Wednesday, January 16, 2013

Creative Parenting: Day One

Ok, so let's just cut to the chase. My kids are well behaved for the most part. The majority of the time they are helpful and kind, funny and compassionate, silly and smart. But they are little people. And just like big people, they have bad days. They get cranky. They need something but don't necessarily know how to ask for it and act out in irrational ways that are totally rational to them. I get all that. I fully understand and grasp it all. I am a rational adult...who is sometimes irrational. So I empathize. Emotion is one thing. Sassy pants and bucking the system are another.

There is nothing...absolutely nothing that happens in this house that makes me more angry than being told "no" by a little person. Well, there is one thing and that's the UFC fighting that happens when I need to switch laundry or use the facilities (you smell what I'm steppin' in?).
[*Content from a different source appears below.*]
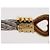 VINTAGE BRACELET FRED FORCE 10 COEURS T20 IN ORO GIALLO 18K & CABLE D'ACCIAIO BANGLE - vista 11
Good. Ok. So being told "no." It happens at least once a day. And then I go into speech mode. "I am the parent. You are the child. When I ask you to do something, you do it. You do NOT tell me no...EVER. I have earned the right....blah blah blah blah blah." So all of that mixed in a with a few more things my mom said to me when I was a sassy pants kid that swore I would never say...but, eh, what you gonna do?

I know, I know...we do the whole love and logic thing. "You have two choices...yada yada yada." That works for almost every thing else. I have read a half dozen parenting books in the past three years. They are great guide books, and work a lot of the time. But this "no" thing..ugh. I hit a brick wall. We took away special toys. That did nothing. We redirected, talked calmly, tried to rationalize, and begged. And then we got creative.

Time for back story.

The girls get allowance for doing things above and beyond the normal tasks that are expected of them to active participants in our house. For Avery this is unloading the dishwasher, putting clothes in the dryer, sweeping, and picking up dog doo-doo. (She did that on her own, btw.) Kendall's "chores" vary according to daily situations. Anyway. For them, they think this is great. Their chore cards get filled and they get a couple bucks. Kendall saves all her money in her wallet. Avery buys necklaces and all things girly. To each their own. But to Avery it is a big deal. She gets $20 in her wallet and it starts burning a giant hole.

Ok. I digress. A few weeks ago, I saw on Pinterest a mom who charged her kids for whining about boredom. Every time they complained, she charged a quarter and put it in a jar in their kitchen. Then she had a jar next to it full of activities or jobs they could do to curb this boredom. Lovely idea. Boredom isn't a problem here yet but I was storing this for future reference.

Then, my dear friend Cassie was here last week and she was telling me about how her mom gave her and her siblings an allowance when they were younger but she charged them an "allowance tax" where she took a portion of their money and put it in a jar. She acted as the "government" and could use that money for whatever she wanted. Sometimes she gave it back, used it as a fun thing for the family to do, or in extreme cases, bought herself something when the kids were misbehaving.

So last night, an idea struck me. What if I combined the two? What if we charged Avery and hit her where it hurt...straight in her pocket book? I ran it by Congress (dad...I mean, he gets a say too, right? ;) ) and he thought it was worth a shot. Then I talked to Avery about it. I told her that if I asked her to do something, and she said "no," I will charge her a dime. She will put a dime in a jar we have set in the kitchen. I got a lot of "no fairs" and "but that's my money" whining. But ultimately, I explained to her that this always was, is, and will be her choice. It is her choice not to listen or to listen. So, if she wants to keep all of her money, she will not tell me "no" any more. (And to clarify, these "no's" come when she is requested to do the things that are expected of her on a daily basis: showering, doing homework, brushing teeth, putting something away.) It is that simple. I earned 20 cents this morning. Not too shabby for her. Only two "no's" over the course of the morning. We are already getting better.

I haven't decided what I will do with the money I collect. Hopefully there won't be much because she will get it rather quickly. Every kid, every family, and every situation is special. What works for one kid doesn't work for the other. And sometimes a Mom just has to throw her hands in the air and wave 'em like she just don't care...and start charging their kids for their sass and 'tude.

I will keep you updated on how this all goes down, pals.